Le congrès Boréal est le principal congrès de littérature de science-fiction et de fantastique (SFF) au Québec. C’est le rendez-vous des lecteurs et de divers acteurs du milieu du livre. Cette année, l’événement se tenait du 5 au 7 mai 2017. Sous la coordination de Patrick Loranger, quatre auteurs membres de l’AÉQJ y ont participé. Dans ce billet, ils nous relatent leur expérience.

Patrick Loranger

Pour la première fois dans l’histoire du Boréal, trois auteurs européens des genres de l’imaginaire offraient des formations d’écriture au Canada.

Quand Sophie-Luce Morin m’a proposé de coordonner la présence d’une délégation de l’AÉQJ au congrès Boréal 2017, je n’ai pas hésité longtemps. J’avais assisté une journée à l’édition 2015 qui avait lieu à Montréal et j’avais une bonne idée de ce qui m’attendait.

Cette année, Québec accueillait la communauté franco-canadienne des auteurs de l’imaginaire (science-fiction, fantasy, horreur et fantastique) à la Maison de la littérature de Québec ainsi qu’au Monastère des Augustines, rue des Remparts, deux lieux intéressants en soi.

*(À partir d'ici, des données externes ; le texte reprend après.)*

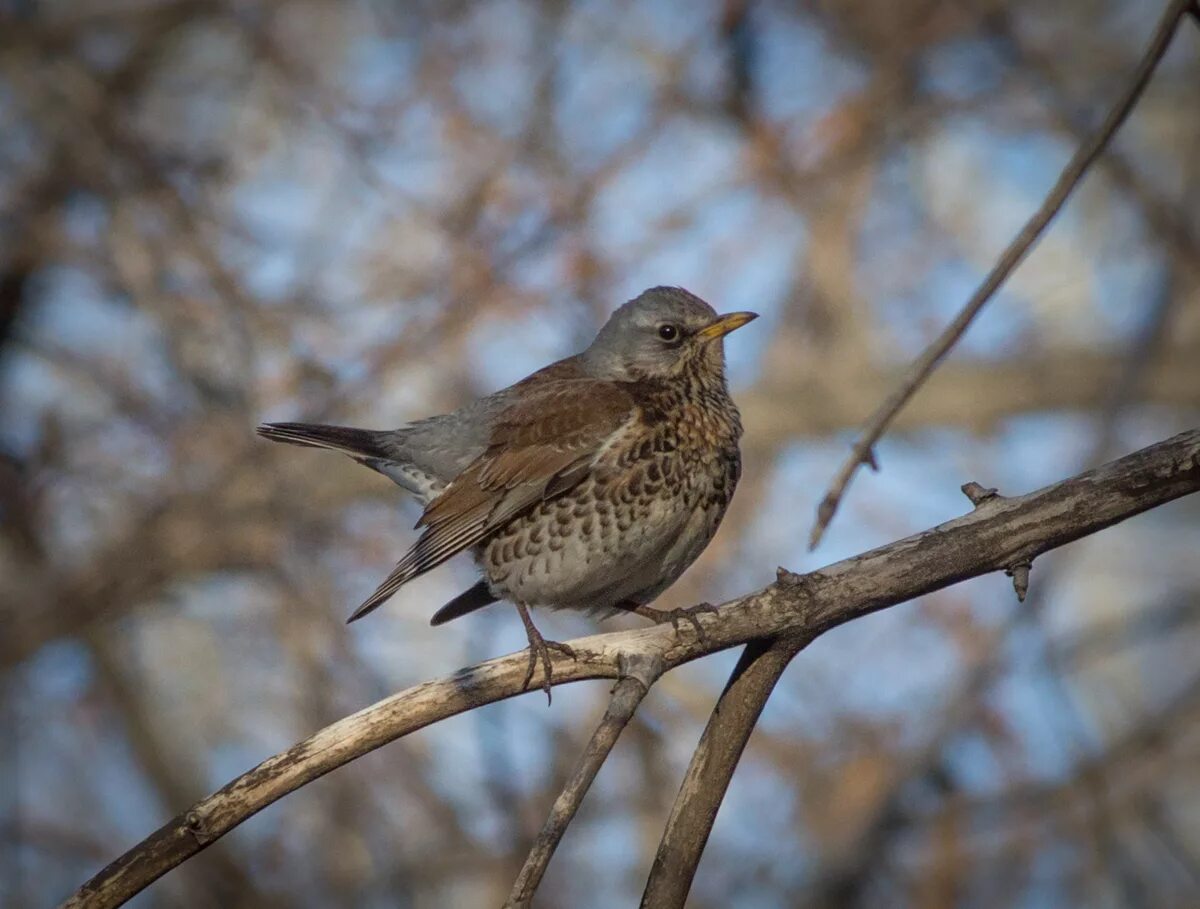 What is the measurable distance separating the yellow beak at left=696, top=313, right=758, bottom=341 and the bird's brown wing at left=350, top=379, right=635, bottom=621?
0.41 m

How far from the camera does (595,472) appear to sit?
4754 mm

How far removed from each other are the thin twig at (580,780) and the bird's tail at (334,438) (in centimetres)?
241

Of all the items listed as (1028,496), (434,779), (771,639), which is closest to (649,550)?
(771,639)

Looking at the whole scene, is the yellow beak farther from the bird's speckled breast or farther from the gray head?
the bird's speckled breast

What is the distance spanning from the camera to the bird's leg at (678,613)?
334 cm

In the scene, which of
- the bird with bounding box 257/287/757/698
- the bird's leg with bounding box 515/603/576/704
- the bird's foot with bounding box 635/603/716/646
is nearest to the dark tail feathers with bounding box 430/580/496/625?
the bird with bounding box 257/287/757/698

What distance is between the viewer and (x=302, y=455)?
917cm

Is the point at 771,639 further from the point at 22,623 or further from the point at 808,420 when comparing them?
the point at 22,623

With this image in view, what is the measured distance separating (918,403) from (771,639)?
6426 mm

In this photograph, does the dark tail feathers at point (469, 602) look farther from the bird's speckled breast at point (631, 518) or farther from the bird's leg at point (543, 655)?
the bird's leg at point (543, 655)

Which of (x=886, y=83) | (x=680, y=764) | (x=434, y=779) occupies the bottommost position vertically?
(x=680, y=764)

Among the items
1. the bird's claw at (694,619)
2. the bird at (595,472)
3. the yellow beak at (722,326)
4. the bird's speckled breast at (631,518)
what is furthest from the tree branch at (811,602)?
the yellow beak at (722,326)

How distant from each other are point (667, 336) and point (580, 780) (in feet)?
8.70

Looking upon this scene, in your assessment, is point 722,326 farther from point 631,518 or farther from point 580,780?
point 580,780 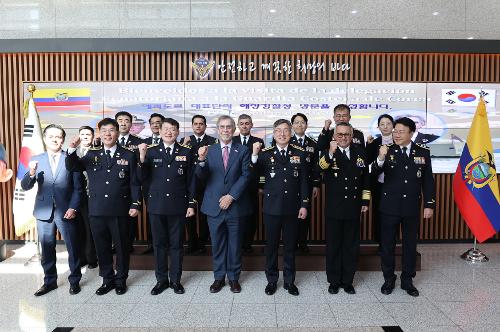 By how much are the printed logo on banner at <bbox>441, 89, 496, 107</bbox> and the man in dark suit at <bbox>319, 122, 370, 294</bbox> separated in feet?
9.93

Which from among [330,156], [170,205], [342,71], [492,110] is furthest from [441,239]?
[170,205]

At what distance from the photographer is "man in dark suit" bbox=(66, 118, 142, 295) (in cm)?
386

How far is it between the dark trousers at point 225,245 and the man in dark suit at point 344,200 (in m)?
0.99

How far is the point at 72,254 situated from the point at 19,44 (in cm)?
387

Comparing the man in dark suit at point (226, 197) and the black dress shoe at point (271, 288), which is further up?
the man in dark suit at point (226, 197)

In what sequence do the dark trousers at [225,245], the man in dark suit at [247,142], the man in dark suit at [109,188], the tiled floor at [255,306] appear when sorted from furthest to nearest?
the man in dark suit at [247,142] < the dark trousers at [225,245] < the man in dark suit at [109,188] < the tiled floor at [255,306]

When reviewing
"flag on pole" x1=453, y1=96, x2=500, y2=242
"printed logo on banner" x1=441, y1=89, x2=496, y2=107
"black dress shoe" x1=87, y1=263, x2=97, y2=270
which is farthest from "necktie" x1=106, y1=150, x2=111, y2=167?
"printed logo on banner" x1=441, y1=89, x2=496, y2=107

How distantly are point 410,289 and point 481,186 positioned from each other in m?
2.16

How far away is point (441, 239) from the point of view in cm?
630

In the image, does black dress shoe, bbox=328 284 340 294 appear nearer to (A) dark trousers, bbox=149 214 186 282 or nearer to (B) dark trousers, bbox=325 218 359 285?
(B) dark trousers, bbox=325 218 359 285

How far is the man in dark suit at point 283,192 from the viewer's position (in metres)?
3.93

Je n’ai pas compté les heures et j’ai semé plusieurs soirées pour me renseigner, transmettre l’information et coordonner tout ça avec les organisateurs du Boréal et le CA de l’AÉQJ. J’ai récolté l’immense bonheur de recruter trois participantes de qualité en la personne de Sandra Dussault, Nancy Godbout et Magali Laurent, pour les nommer dans l’ordre alphabétique.

Un souper nous a permis de casser la glace entre nous afin de nous préparer à vivre une table ronde sur la littérature jeunesse. Pour le reste, chacun de nous a suivi sa propre voie selon son bon vouloir. De mon côté, j’ai participé au volet « Imaginaires 2067 », en marge du congrès.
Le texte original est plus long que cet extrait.